Researchers at the University of Washington and the University of Pittsburgh Medical Center have developed a way of powering heart pumps wirelessly.
Patients with such heart pumps – Dick Cheney is one – currently have to live with a power cord protruding from their belly. It’s uncomfortable, restrictive and also dangerous – infections occur in nearly 40 percent of patients, are the leading cause of rehospitalization and can be fatal.
The new power system is a variation on inductive power, in which a transmitting coil sends out electromagnetic waves at a certain frequency and a receiving coil absorbs the energy and uses it to charge a battery. It’s used in electric toothbrush charging stations and cellphone charging pads – altheough, here, the tool has to actually touch the charger and be held in a fixed position.
Joshua Smith, a UW associate professor of computer science, and colleagues at the UW and Intel devised an inductive system that adjusts the frequency and other parameters as the distance or orientation between the transmitter and receiver coils changes, allowing for flexible yet efficient wireless power over medium distances.
“Most people’s intuition about wireless power is that as the receiver gets further away, you get less power,” he says. “But with this technique there’s a regime where the efficiency actually doesn’t change with distance.”
He says a one-foot transmitter coil could deliver consistent power over a distance of a foot, or a four-inch coil over four inches – enough to bridge skin and tissue to reach a medical implant.
“My primary interest is to help heart failure patients recover, and they can only recover if they are not tethered to a battery or external power supply so they can exercise and train their heart to recover,” says Dr Pramod Bonde, a heart surgeon at the University of Pittsburgh Medical Center.
“With wireless technology patients can be free and they can have a chance to move around and exercise like normal human beings.”

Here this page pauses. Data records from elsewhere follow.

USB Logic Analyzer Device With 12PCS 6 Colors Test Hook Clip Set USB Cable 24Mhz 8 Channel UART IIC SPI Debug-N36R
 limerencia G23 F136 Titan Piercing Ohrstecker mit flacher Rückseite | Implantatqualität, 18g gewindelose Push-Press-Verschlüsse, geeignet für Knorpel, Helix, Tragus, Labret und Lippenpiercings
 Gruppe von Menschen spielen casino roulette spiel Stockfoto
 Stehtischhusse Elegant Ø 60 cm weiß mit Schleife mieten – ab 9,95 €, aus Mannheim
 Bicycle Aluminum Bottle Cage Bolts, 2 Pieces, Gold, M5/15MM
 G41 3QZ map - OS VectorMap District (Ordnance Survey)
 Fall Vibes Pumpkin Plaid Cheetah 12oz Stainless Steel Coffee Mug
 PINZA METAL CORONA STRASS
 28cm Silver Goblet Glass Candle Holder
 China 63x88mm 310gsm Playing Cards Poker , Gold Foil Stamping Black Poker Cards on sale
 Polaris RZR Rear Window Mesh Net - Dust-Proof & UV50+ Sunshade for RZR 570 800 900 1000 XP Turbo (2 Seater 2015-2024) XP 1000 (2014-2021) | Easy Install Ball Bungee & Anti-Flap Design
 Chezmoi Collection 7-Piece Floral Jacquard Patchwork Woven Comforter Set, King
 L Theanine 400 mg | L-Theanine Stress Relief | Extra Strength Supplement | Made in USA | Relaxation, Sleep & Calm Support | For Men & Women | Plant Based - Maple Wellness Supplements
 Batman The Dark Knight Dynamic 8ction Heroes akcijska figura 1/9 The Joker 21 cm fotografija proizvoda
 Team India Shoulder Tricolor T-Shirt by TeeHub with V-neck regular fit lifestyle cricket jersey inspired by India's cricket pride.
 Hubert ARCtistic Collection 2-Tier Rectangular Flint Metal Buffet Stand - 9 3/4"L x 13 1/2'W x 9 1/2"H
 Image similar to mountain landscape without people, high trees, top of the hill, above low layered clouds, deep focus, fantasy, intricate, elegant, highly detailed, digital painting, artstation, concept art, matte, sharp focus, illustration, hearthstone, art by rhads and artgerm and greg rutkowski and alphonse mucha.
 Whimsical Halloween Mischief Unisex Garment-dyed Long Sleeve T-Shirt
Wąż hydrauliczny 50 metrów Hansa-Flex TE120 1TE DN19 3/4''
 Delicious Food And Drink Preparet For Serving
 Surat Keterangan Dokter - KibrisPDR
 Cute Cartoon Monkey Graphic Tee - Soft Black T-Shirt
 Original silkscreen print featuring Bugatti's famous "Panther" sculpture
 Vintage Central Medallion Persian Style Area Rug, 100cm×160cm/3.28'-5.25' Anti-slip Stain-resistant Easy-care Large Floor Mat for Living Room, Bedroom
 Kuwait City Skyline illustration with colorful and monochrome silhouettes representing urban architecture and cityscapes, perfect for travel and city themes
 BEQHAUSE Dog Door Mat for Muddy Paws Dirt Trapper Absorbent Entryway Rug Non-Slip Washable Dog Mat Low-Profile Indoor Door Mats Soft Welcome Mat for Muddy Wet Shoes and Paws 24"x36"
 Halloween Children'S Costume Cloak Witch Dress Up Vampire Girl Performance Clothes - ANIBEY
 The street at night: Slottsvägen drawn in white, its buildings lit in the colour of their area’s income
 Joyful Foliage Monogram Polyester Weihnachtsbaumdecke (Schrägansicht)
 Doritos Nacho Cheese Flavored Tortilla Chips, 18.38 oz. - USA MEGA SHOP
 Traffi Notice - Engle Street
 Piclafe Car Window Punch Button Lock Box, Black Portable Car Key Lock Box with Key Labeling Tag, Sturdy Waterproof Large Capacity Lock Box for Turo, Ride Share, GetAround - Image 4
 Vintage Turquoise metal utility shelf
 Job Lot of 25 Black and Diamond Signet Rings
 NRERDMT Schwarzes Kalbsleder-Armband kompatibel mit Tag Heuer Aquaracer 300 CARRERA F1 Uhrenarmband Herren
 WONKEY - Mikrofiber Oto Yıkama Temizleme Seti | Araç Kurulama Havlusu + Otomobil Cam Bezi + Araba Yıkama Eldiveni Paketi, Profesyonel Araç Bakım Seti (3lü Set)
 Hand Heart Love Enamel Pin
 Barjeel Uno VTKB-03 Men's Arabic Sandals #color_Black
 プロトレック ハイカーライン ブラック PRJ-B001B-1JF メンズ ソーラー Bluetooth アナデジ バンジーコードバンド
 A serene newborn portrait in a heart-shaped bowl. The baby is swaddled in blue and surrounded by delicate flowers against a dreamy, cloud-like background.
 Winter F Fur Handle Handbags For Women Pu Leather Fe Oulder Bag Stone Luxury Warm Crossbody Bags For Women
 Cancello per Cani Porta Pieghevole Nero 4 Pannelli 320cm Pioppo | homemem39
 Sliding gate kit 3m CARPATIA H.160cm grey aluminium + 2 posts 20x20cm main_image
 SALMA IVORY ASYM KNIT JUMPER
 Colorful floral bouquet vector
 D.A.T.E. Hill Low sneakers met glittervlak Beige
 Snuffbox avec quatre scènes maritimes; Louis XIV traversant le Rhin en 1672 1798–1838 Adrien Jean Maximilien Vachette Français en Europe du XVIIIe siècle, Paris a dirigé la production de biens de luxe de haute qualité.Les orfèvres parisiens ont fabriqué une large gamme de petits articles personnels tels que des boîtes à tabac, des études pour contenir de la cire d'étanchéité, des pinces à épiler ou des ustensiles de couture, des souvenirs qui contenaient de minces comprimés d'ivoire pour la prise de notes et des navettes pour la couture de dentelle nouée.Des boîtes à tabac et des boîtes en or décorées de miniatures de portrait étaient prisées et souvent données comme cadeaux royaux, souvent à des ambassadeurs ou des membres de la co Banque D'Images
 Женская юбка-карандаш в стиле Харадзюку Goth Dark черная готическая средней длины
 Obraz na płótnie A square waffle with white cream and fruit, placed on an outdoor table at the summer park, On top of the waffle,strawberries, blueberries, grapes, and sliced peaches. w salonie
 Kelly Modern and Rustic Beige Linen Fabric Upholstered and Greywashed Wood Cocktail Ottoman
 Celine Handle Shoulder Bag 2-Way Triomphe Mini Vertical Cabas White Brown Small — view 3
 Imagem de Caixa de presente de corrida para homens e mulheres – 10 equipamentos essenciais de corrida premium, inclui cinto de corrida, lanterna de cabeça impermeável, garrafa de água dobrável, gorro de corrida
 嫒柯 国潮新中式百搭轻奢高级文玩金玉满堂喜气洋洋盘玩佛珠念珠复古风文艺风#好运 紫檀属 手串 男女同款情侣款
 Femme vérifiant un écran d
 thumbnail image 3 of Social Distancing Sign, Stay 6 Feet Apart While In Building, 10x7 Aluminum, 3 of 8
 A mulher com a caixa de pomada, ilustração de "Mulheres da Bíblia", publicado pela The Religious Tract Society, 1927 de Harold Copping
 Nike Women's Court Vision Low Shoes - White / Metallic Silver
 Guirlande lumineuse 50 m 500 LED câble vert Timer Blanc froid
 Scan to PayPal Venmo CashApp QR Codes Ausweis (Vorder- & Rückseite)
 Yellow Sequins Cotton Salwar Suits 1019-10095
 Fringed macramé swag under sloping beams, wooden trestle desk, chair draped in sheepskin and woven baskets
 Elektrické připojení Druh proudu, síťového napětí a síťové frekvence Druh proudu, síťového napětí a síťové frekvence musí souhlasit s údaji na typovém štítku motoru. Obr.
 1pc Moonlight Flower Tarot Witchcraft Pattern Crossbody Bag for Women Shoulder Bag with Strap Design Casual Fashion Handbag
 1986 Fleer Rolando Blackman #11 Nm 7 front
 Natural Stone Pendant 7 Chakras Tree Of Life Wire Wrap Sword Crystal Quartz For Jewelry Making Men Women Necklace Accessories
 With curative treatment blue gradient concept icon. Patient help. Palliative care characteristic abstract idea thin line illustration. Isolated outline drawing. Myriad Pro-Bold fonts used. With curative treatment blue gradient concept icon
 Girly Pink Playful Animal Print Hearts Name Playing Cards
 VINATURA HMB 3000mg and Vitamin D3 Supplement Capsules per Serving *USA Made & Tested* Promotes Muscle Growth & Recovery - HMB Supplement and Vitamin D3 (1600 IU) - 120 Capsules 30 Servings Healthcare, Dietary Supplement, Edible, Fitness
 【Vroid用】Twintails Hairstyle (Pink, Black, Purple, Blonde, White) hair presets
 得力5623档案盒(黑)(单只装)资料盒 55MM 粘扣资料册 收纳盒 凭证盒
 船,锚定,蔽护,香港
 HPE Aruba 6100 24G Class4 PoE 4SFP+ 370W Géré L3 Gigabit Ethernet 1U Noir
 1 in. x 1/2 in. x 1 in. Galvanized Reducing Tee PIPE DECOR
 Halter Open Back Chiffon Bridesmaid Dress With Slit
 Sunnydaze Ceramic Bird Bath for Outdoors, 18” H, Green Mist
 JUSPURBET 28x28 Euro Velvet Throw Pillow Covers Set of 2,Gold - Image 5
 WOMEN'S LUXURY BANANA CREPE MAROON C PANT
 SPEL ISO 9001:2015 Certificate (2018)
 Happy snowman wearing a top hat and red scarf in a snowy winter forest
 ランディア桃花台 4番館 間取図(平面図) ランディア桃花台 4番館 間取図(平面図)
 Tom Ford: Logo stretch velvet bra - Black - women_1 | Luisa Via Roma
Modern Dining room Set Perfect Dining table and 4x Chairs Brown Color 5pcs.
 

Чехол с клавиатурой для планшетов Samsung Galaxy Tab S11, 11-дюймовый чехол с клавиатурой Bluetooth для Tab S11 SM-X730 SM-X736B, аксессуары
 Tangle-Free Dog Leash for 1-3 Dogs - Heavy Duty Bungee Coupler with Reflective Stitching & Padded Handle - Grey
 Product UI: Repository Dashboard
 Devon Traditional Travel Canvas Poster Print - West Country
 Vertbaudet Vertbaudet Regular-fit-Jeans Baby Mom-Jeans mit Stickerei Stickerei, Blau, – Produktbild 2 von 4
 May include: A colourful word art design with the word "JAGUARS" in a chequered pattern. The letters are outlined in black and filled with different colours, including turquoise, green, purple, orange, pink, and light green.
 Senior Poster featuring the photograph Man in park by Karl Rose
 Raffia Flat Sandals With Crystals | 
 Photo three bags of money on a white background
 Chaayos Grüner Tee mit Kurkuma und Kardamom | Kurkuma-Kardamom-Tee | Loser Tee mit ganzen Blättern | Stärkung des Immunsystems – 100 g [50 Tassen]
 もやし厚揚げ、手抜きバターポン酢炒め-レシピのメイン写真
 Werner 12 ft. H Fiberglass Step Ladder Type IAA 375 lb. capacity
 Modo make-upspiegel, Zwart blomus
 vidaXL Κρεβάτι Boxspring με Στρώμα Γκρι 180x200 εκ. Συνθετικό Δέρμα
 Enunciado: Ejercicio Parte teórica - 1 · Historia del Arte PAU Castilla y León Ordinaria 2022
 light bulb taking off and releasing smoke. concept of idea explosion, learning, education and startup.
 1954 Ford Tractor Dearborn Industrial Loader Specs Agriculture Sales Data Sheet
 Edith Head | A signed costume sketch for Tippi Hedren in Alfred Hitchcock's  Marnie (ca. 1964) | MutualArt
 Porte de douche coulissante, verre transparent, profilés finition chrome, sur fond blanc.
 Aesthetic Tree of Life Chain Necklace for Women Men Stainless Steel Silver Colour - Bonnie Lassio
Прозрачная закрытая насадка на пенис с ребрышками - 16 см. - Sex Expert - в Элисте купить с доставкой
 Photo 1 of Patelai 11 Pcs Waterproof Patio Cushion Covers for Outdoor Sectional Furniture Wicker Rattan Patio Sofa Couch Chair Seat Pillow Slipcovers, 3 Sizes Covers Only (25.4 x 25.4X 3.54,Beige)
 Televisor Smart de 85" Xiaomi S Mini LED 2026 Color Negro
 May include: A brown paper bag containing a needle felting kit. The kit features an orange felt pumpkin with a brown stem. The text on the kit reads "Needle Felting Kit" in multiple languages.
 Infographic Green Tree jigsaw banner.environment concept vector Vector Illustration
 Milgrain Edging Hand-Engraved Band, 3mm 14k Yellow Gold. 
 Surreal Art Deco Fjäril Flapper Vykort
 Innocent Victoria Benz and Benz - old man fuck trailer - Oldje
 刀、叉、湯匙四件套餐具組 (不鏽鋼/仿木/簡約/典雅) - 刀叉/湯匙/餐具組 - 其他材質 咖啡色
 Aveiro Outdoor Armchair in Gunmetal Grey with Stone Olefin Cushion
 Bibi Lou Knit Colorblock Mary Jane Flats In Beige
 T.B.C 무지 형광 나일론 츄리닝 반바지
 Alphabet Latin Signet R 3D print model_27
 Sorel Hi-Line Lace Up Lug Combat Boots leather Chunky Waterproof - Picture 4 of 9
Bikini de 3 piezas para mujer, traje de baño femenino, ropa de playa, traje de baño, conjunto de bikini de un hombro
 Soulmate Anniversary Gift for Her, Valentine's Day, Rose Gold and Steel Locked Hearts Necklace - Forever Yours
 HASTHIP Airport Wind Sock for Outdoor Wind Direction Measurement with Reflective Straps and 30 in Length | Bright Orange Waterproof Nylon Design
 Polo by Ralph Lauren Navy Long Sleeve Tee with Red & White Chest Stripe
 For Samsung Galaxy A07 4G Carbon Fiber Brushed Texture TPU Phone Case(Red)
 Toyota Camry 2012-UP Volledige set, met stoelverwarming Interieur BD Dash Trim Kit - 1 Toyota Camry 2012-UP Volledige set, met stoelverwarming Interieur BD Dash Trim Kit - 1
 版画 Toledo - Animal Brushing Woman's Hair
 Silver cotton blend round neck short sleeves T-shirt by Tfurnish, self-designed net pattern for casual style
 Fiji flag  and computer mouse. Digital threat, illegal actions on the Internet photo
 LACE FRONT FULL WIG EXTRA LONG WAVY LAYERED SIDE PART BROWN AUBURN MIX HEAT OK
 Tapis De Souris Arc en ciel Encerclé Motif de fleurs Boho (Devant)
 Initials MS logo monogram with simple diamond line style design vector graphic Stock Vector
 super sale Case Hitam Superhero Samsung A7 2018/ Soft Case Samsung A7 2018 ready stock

The researchers envision a vest that could hold an external transmitter coil connected to a power cord or battery. A small receiver coil implanted under the patient’s skin would connect to a battery that holds enough power for about two hours, meaning the patient could be completely free for short periods of time. It would men that, unlike users of current pumps, they’d be able to take a bath or go for a swim.
Longer term, the researchers imagine additional power transmitters placed under a patient’s bed or chair, allowing patients to sleep, work or exercise at home unencumbered.
“The potential for wireless power in medical fields goes far beyond powering artificial hearts,” says Dr Bonde.
“It can be leveraged to simplify sensor systems, to power medical implants and reduce electrical wiring in day-to-day care of the patients.”